2. Conception and Design
The most tricky part of our project was choosing what sensor to use to trigger the sounds and figuring out how we were going to assemble the circuit with the buzzer. My partner’s initial plan in her project proposal was to use a button, however, buttons required a lot of pressure to be pressed which would be hard to work with given the limited materials we had to make the machine and balls. After that, we thought of using touch sensors as well which were more sensitive than buttons.

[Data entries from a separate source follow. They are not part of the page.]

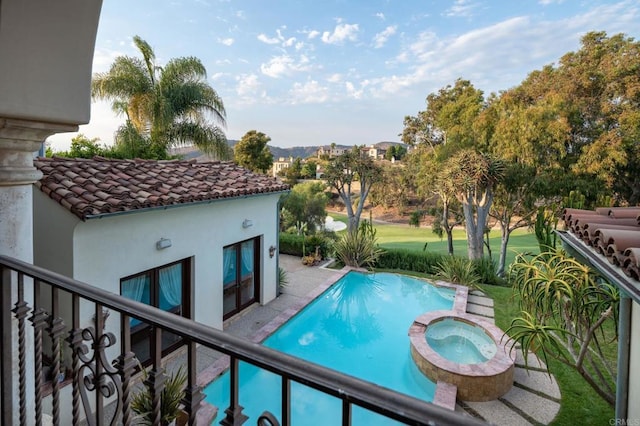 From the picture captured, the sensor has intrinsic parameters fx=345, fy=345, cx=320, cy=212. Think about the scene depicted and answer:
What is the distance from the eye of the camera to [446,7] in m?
18.2

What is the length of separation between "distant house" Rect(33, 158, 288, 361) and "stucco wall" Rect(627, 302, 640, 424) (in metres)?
7.89

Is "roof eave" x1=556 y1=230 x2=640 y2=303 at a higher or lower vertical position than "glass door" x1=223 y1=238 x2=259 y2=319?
higher

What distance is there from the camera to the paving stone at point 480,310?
11883mm

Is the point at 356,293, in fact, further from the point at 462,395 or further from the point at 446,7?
the point at 446,7

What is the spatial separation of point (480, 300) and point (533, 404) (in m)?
6.35

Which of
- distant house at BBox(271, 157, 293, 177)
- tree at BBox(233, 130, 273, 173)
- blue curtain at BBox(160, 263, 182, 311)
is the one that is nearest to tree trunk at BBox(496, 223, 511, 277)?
blue curtain at BBox(160, 263, 182, 311)

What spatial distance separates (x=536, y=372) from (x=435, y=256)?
29.4 ft

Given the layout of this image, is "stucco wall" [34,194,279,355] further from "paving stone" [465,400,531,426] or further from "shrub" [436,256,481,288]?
"shrub" [436,256,481,288]

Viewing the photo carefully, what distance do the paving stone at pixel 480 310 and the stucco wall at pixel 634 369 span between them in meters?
7.79

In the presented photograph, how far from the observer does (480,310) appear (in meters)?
12.2

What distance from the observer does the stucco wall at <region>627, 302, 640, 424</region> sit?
3.98 meters

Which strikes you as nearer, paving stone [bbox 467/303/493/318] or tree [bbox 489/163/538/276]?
paving stone [bbox 467/303/493/318]

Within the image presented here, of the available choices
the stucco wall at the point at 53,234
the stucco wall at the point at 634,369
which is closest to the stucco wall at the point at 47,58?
the stucco wall at the point at 53,234

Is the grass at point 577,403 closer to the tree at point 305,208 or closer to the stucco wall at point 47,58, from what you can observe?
the stucco wall at point 47,58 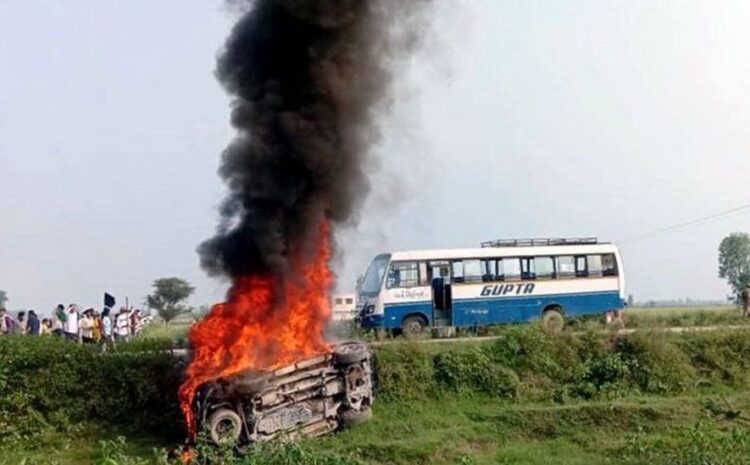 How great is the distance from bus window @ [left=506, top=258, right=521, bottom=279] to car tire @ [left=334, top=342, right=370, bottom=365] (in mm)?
11687

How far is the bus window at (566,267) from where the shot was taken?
30.1 meters

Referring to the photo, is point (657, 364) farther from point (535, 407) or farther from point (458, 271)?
point (458, 271)

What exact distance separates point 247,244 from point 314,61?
13.6 ft

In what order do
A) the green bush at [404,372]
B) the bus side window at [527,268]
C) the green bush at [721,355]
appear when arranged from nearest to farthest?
the green bush at [404,372], the green bush at [721,355], the bus side window at [527,268]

The problem with these however was that pressure must be applied in both the front and back of the touch sensor for it to work. The surface of the sensor was quite small too which provided a risk of the ball not landing in the middle of the sensor which would not allow the buzzer to produce a sound. Thus, after asking for our professor’s opinion on what sensor to use, we decided to stick with a light sensor instead. This sensor was sensitive enough for our project to work as the ball would make intense shadows once they land on the holes which could instantly trigger the buzzer.
Since my partner and I are from different recitation sessions, we had to make sure that we could create a circuit that would work with only one Arduino. Because of that, we created a circuit composed of four breadboards, one for each sensor. To get ground and 5V distributed to all breadboards, we ended up connecting those wires to each other. Thus, we ended up with this circuit for our project:
3. Fabrication and Production
Initial sketch design:
Our production process was composed of three major steps:
1. Production of the cardboard machine
To make the production process much faster and easier, we looked for a video tutorial on how to make a skee ball machine out of cardboard. However, we had to omit some features that were included in the original video, like a ball return, to ensure that we would have enough space for the circuits at the back. It would have also been better if we could have made the machine much bigger however, we thought that we were strictly limited to the two pieces of cardboard we were initially given. Thus we ended up with a much smaller version of a skee ball machine.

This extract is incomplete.